Exercise description: Please transcribe the entries that follow exactly as they stand, skipping each picture.

# # #

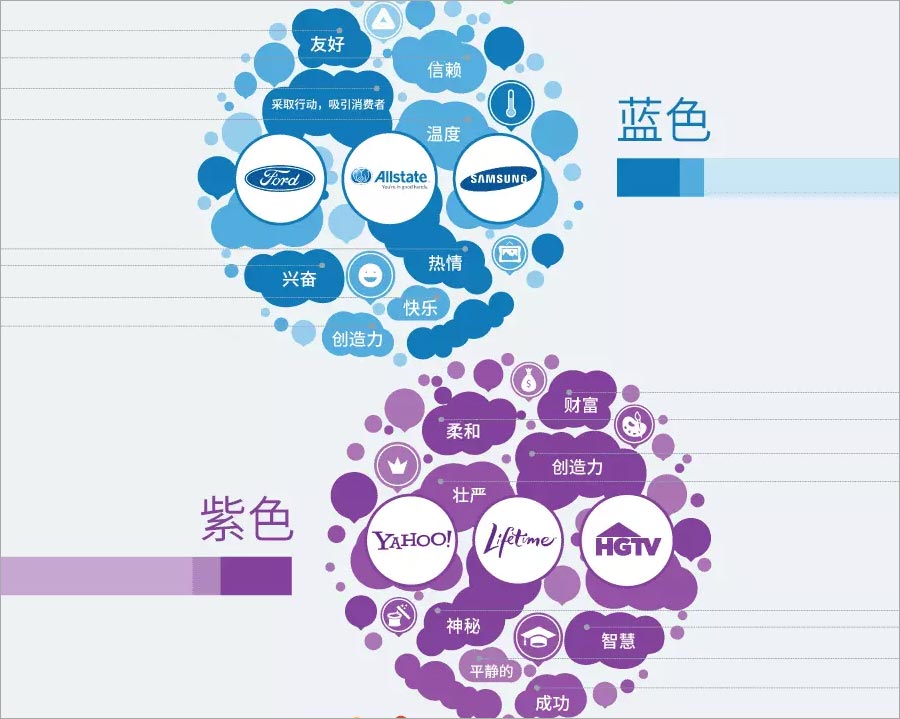 藍(lán)色、紫色的含義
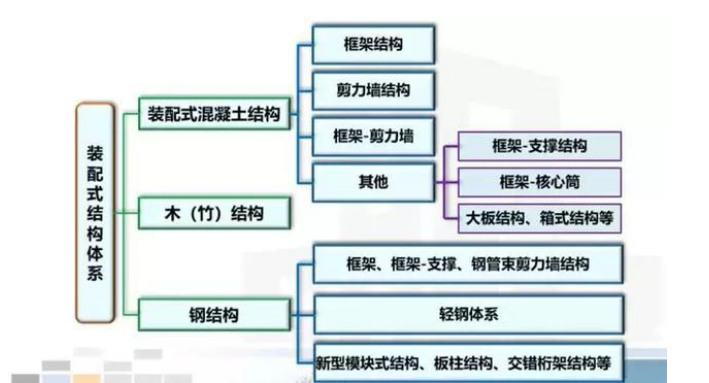 鋼結(jié)構(gòu)裝配式住宅前景無限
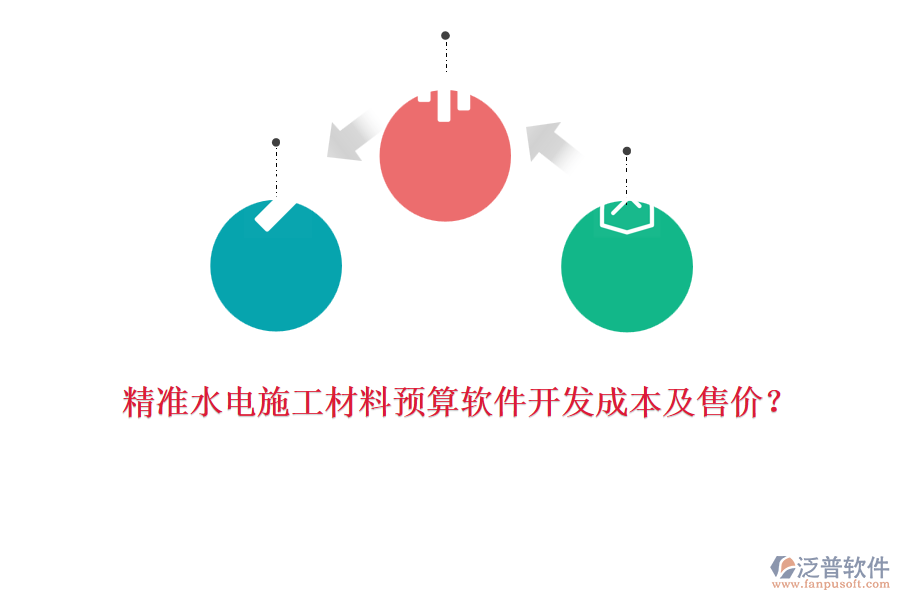 精準(zhǔn)水電施工材料預(yù)算軟件開發(fā)成本及售價？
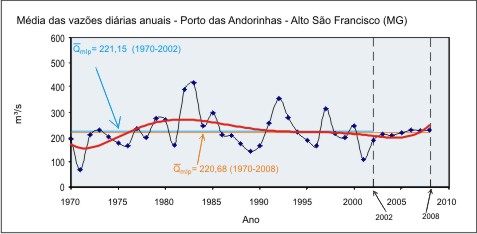 Figura 5 - Hidrograma da vazo mdia anual nos dois perodos  de srie histrica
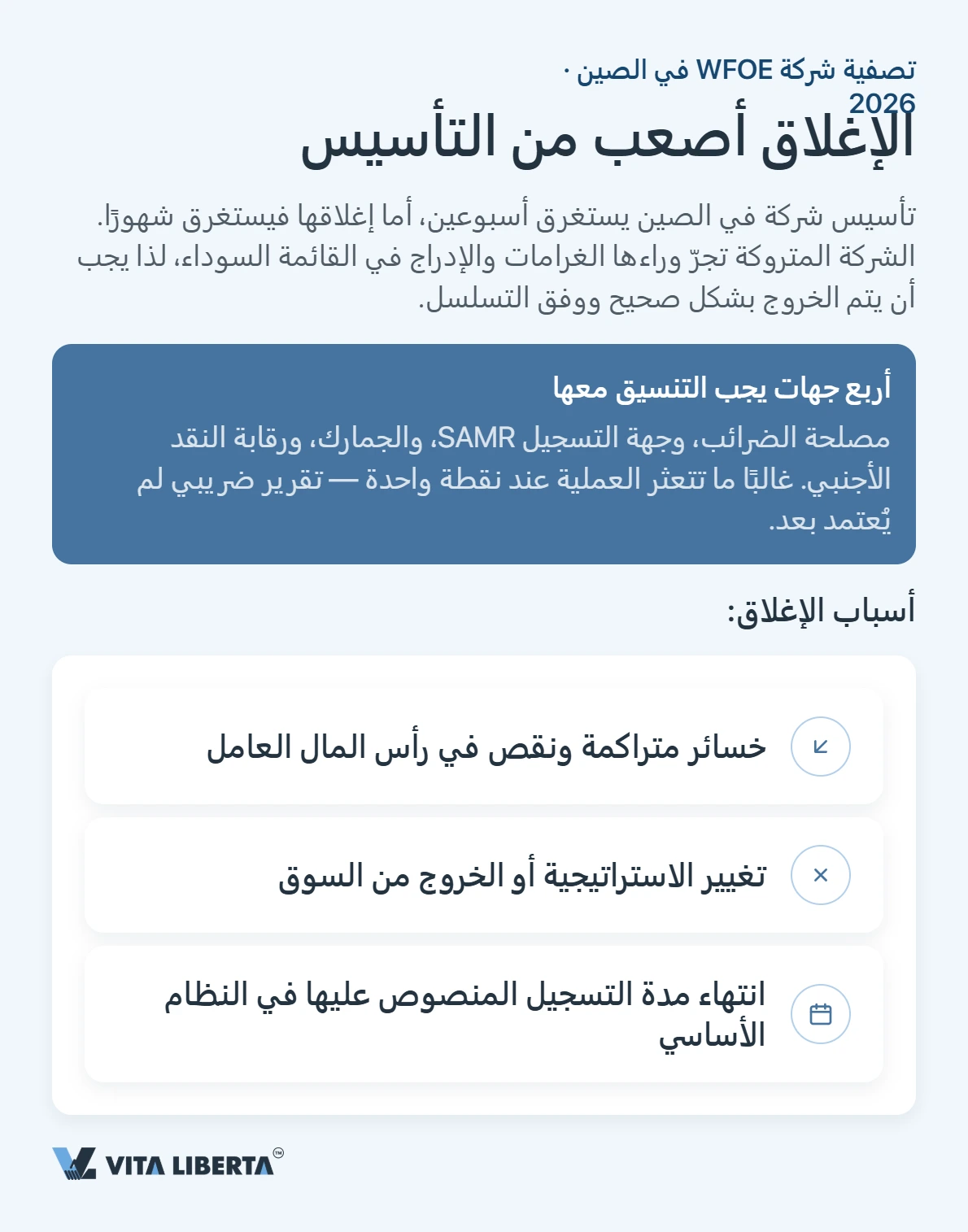 تصفية شركة WFOE في الصين: الإجراءات والمدة الزمنية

# # #

Finished exercise:
 藍(lán)色、紫色的含義
 鋼結(jié)構(gòu)裝配式住宅前景無限
 精準(zhǔn)水電施工材料預(yù)算軟件開發(fā)成本及售價？
 Figura 5 - Hidrograma da vazo mdia anual nos dois perodos  de srie histrica
 تصفية شركة WFOE في الصين: الإجراءات والمدة الزمنية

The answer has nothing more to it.